■ TRY IT ■
Beneath this task are the entries; from the line with "Van Gölü Kıyısındaki" through the last one, transcribe every line exactly and nothing else, skipping pictures.

■ TASK INPUTS ■
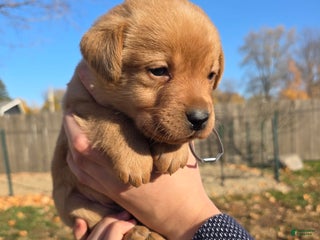 Labrador Retriever dogs - Ad 15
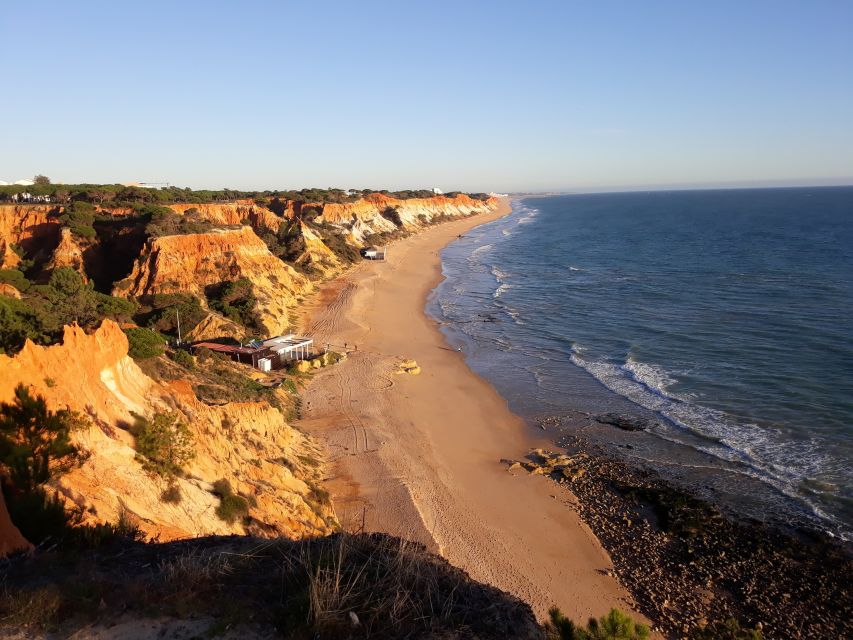 Albufeira: Tuk-tuk Sightseeing Tour - Who Will Love This Tour?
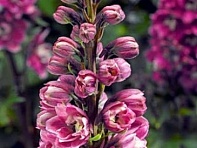 Дельфиниум высокий (генетически компактный) (Delphina)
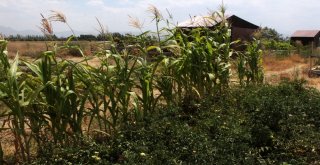 Van Gölü Kıyısındaki Hobi Bahçesinde Yılın İlk Hasadı
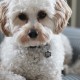Callancity Rectangular Custom Dog Name Tags For Pet Accessories, Cute tags WIth Engraved Dog Names, Personalized Design Dog Tags, Pet ID Lettering Tags Callancity Rectangular Custom Dog Name Tags For Pet Accessories, Cute tags WIth Engraved Dog Names, Personalized Design Dog Tags, Pet ID Lettering Tags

■ ANSWER TO THIS PROBLEM ■
 Van Gölü Kıyısındaki Hobi Bahçesinde Yılın İlk Hasadı
Callancity Rectangular Custom Dog Name Tags For Pet Accessories, Cute tags WIth Engraved Dog Names, Personalized Design Dog Tags, Pet ID Lettering Tags Callancity Rectangular Custom Dog Name Tags For Pet Accessories, Cute tags WIth Engraved Dog Names, Personalized Design Dog Tags, Pet ID Lettering Tags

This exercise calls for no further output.